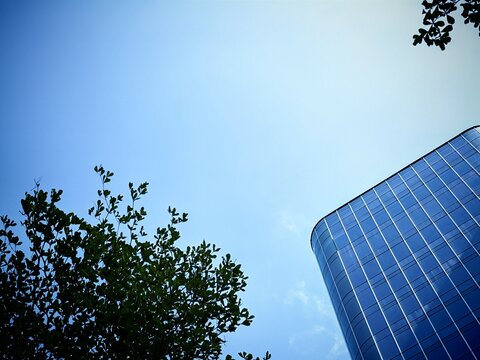 Modern Glass Building Against Clear Sky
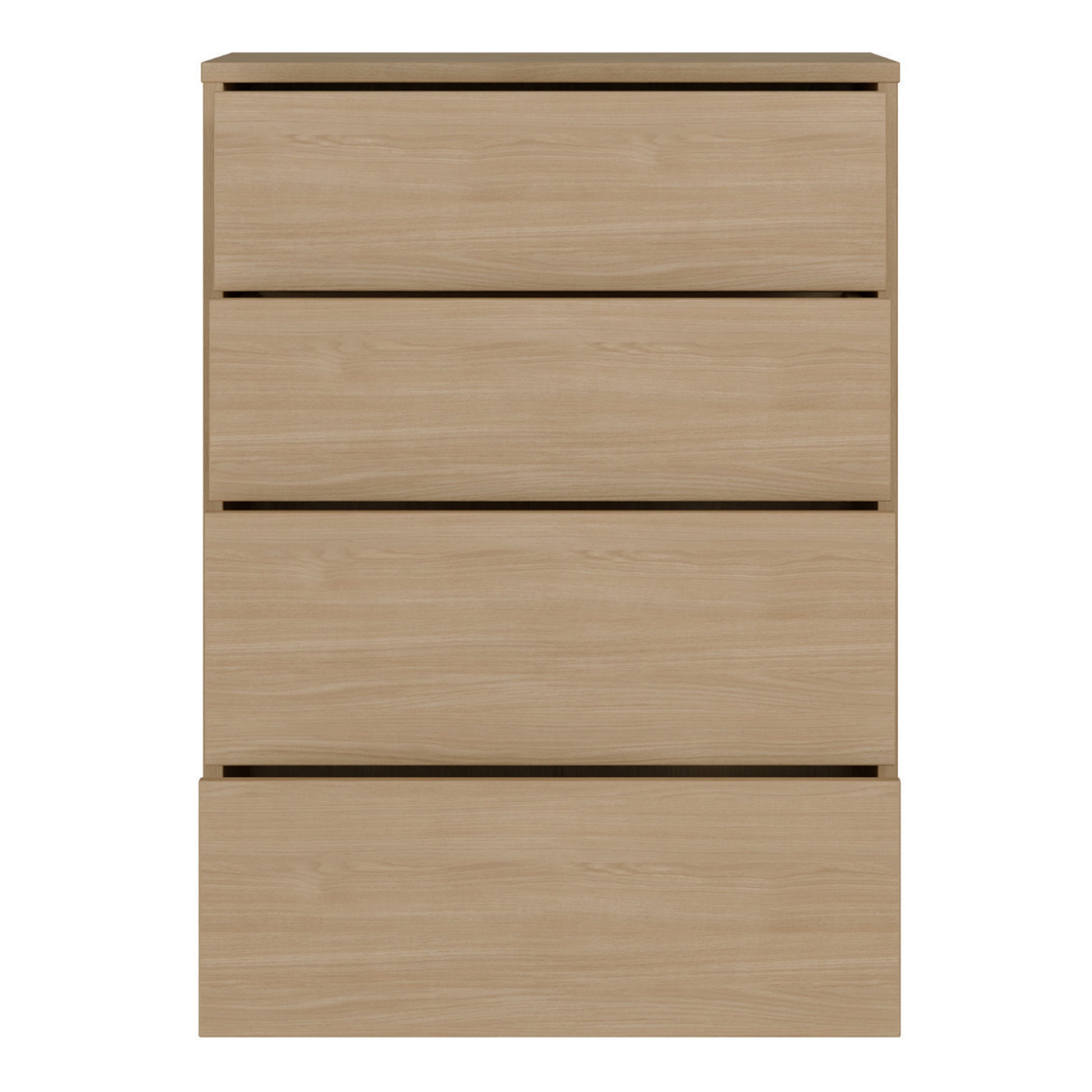Alice Springs 4 Drawer Chest with Push-to-Open Drawers in Elegancia Oak and White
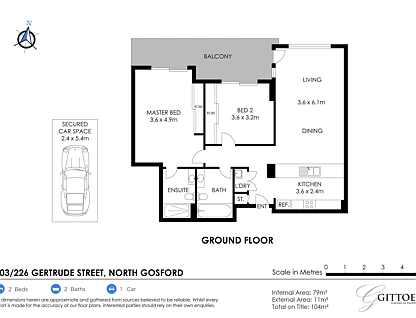 303/226 Gertrude Street, North Gosford, Central Coast, 2部屋, 2バスルーム, Apartment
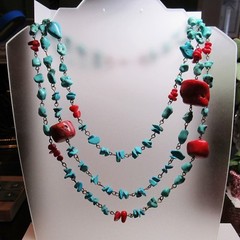 Blue Turquoise Red Coral Nugget 3 Strand Adjustable Length Western Necklace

● ● ● ● ● ● ●

- _Work order_
Your copy should begin at the line containing "Alice Springs 4" and end at the last line of the data above, matching each line exactly and holding no pictures.

- _Completed exercise_
Alice Springs 4 Drawer Chest with Push-to-Open Drawers in Elegancia Oak and White
 303/226 Gertrude Street, North Gosford, Central Coast, 2部屋, 2バスルーム, Apartment
 Blue Turquoise Red Coral Nugget 3 Strand Adjustable Length Western Necklace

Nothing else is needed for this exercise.